In cases where arthritis or other injuries have damaged some of the smaller joints of your foot, your doctor may recommend fusing the bones together in order to relieve your pain and preserve your stability.

When the bone and cartilage of your ankle becomes worn and painful and reduces your mobility, your doctor may recommend replacing your ankle joint with an artificial joint.

Diabetes can cause foot swelling, nerve pain and a variety of other conditions. Diabetes can also make injuries take longer to heal, especially in your lower legs and feet. Working closely with the rest of your care team, our orthopedic specialists provide expert treatment for foot conditions caused by complications from diabetes.

Frequently Asked Questions

A bunion is a bony bump that forms at the base of the joint of the big toe when the metatarsal bone behind the big toe shifts outward. A bunion will progress and grow more severe over time, causing toe and foot pain. Bunion surgery can realign the joint and correct the deformity.

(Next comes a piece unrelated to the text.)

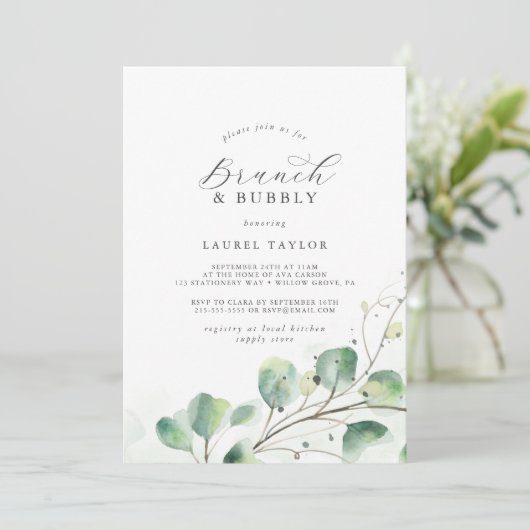 Elegant Greenery Brunch en Bubble Vrijgezellenfees Kaart (Staand voorkant)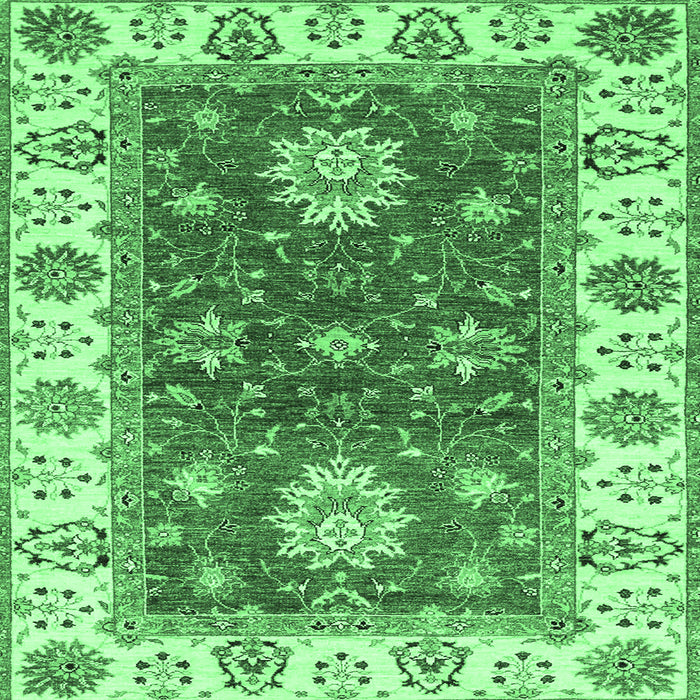 Square Oriental Emerald Green Traditional Rug, abs2867emgrn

Many bunions are benign, and bunion surgery should not be performed for cosmetic reasons alone. If your bunion causes pain, interferes with daily activities, and other attempts to treat bunion symptoms have been unsuccessful, your doctor may recommend bunion surgery to correct the issue.

Recovery from bunion surgery can take time. It can be six weeks before you can put your weight back on your foot and eight to 12 weeks for the bone to fully heal. After that, it can take between three to six months before you can resume normal activities.

While most bunion surgeries are successful, bunions can come back after bunion surgery. Often this is due to the pre-existing issue that caused the bunion to form or to continue to wear shoes and participate in activities that can contribute to bunions forming.